◆ Work to be completed
Give back exactly the lines of the material below that start at the one holding "İstanbul 'da Taksim" and end at the last line, minus the pictures.

-- Collected data follows --

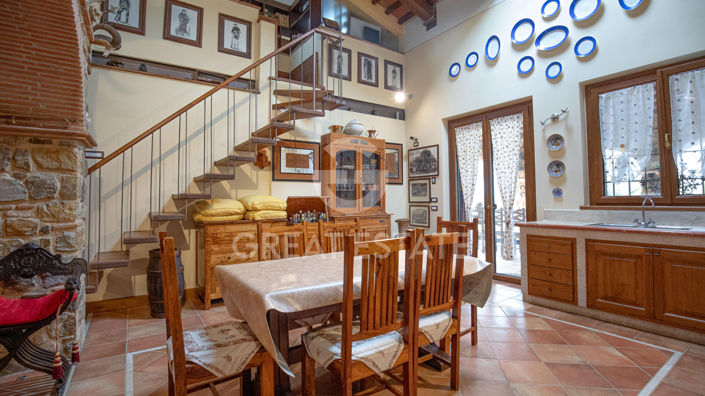 Image No.22-5 Bed Country House for sale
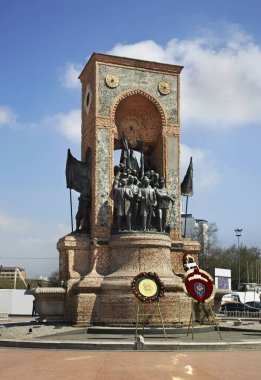 İstanbul 'da Taksim Meydanı Estambeyoğlu' ndaki Cumhuriyet Anıtı. Türkiye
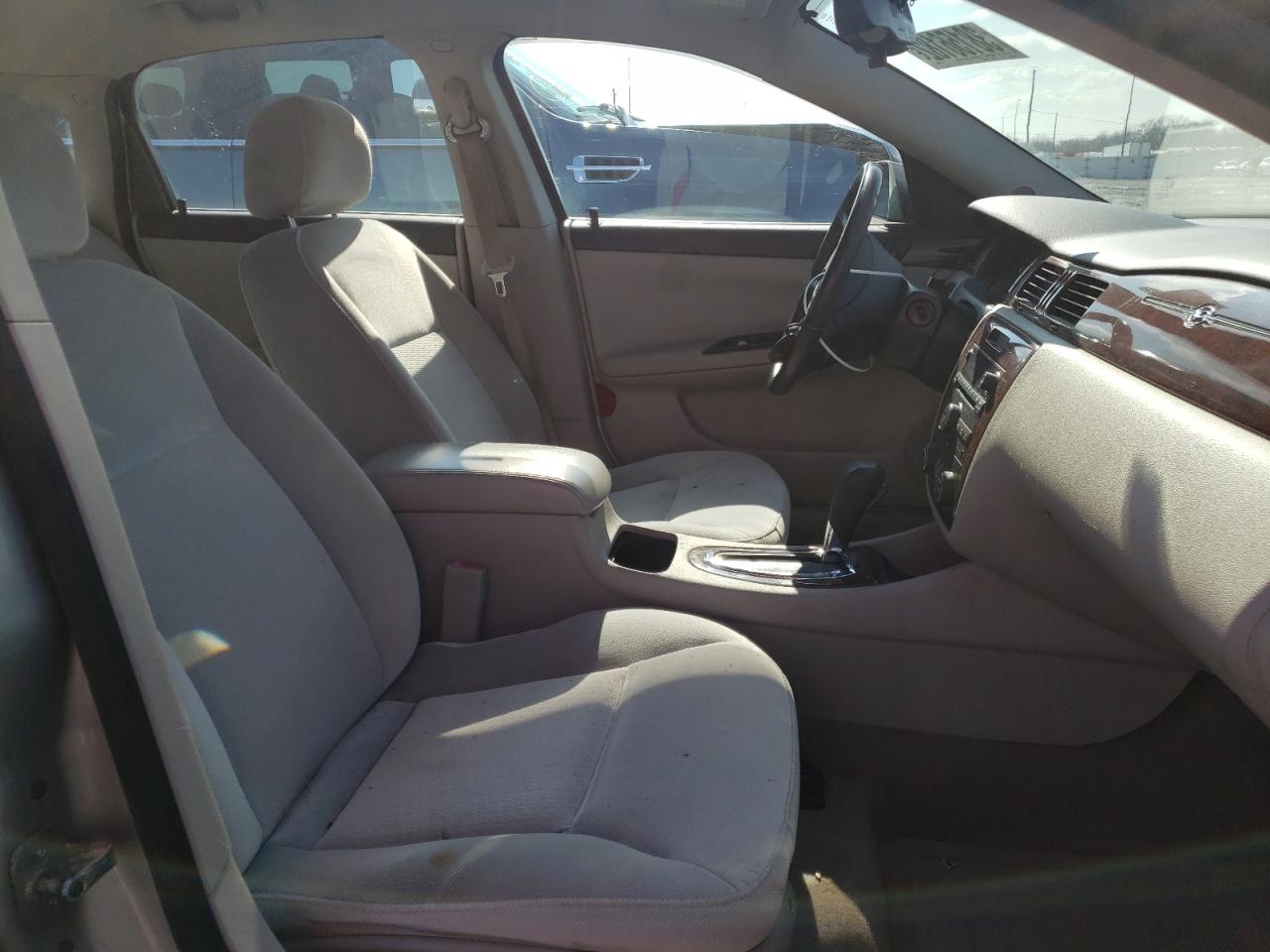 Photo 5 from auction – 2007 CHEVROLET IMPALA LT with VIN 2G1WC58RX79239050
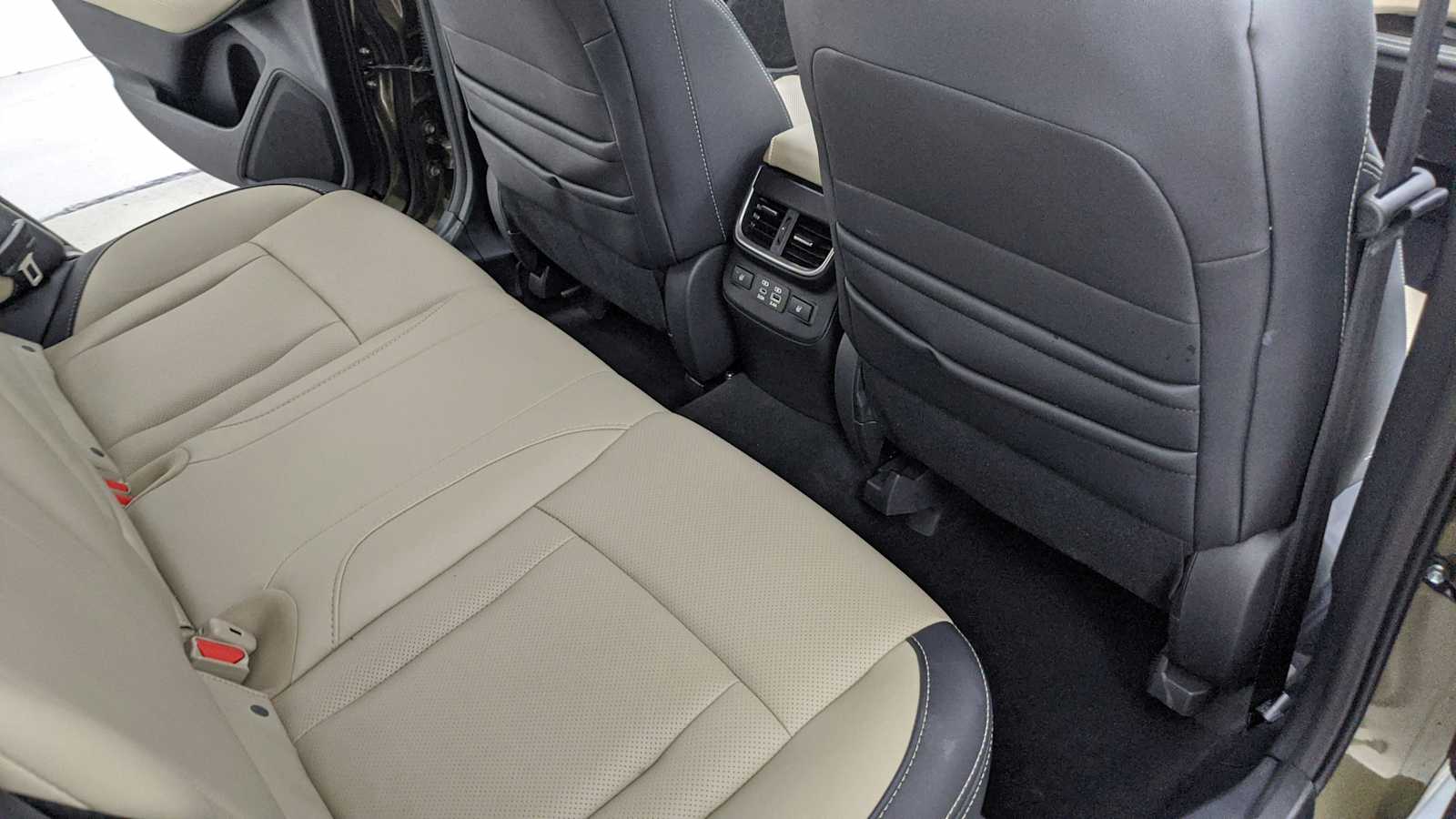 used 2023 Subaru Outback car, priced at $33,916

-- Collected data concluded --

◆ Written response
 İstanbul 'da Taksim Meydanı Estambeyoğlu' ndaki Cumhuriyet Anıtı. Türkiye
 Photo 5 from auction – 2007 CHEVROLET IMPALA LT with VIN 2G1WC58RX79239050
 used 2023 Subaru Outback car, priced at $33,916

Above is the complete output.